Exercise details:
Every line from the one containing "Isole Tremiti" to the end of the records below should be returned exactly; pictures are to be dropped.

Recorded information:
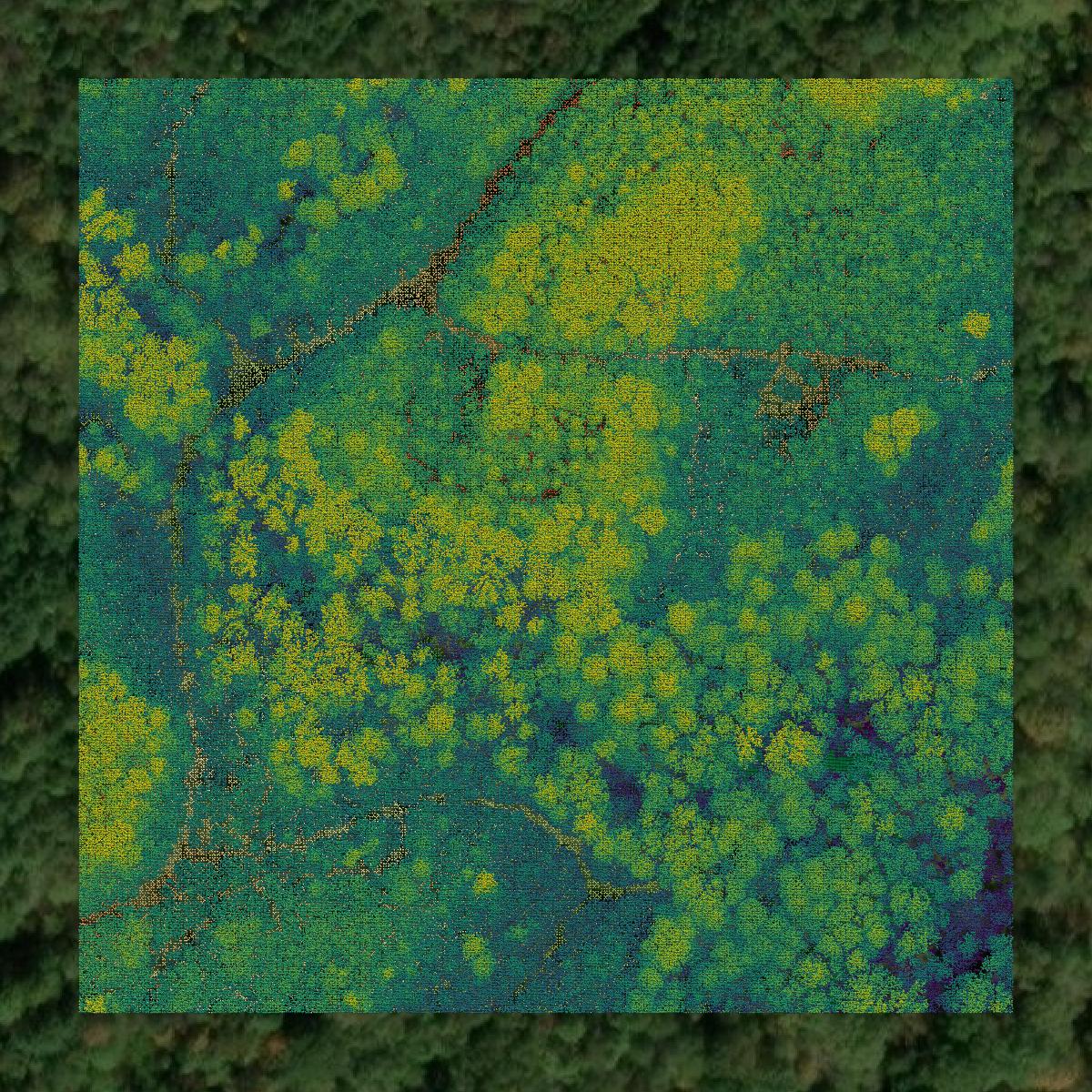 This image shows a LiDAR point cloud in Gaston County created using GIS data in Equator.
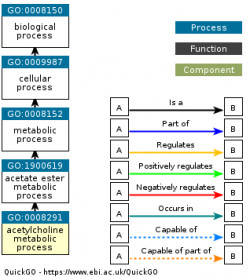 DAG for GO:0008291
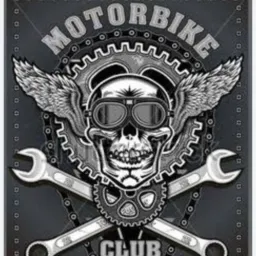 free lance moto clube 16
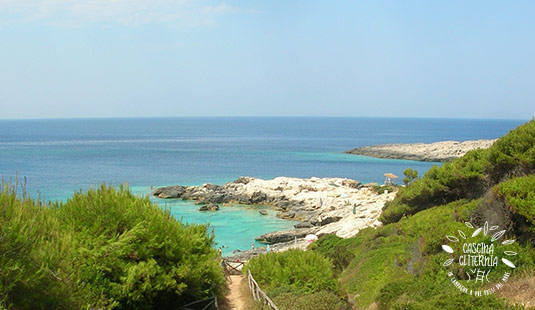 Isole Tremiti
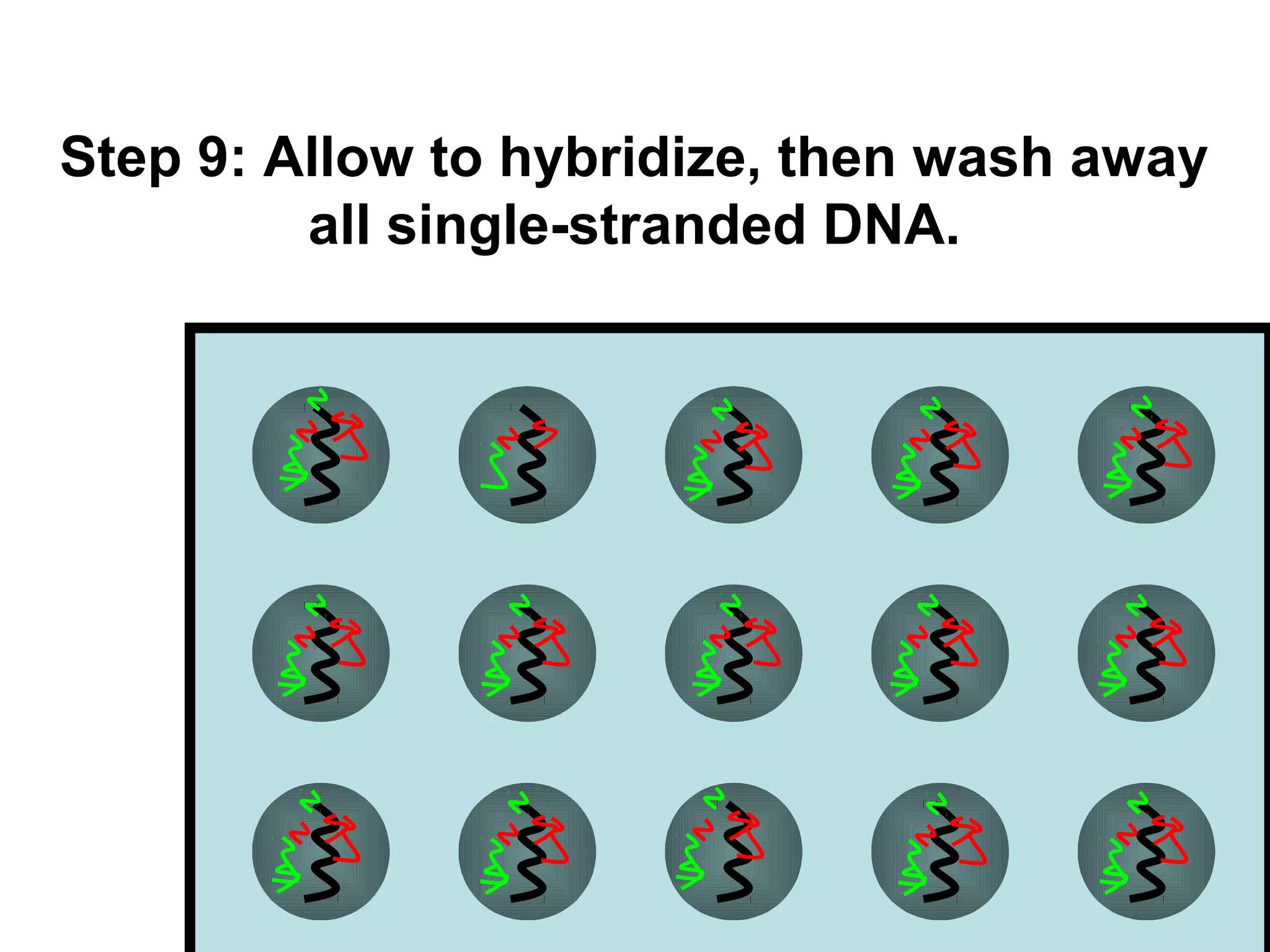 Step 9: Allow to hybridize, then wash away
all single-stranded DNA.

Response below:
 Isole Tremiti
 Step 9: Allow to hybridize, then wash away
all single-stranded DNA.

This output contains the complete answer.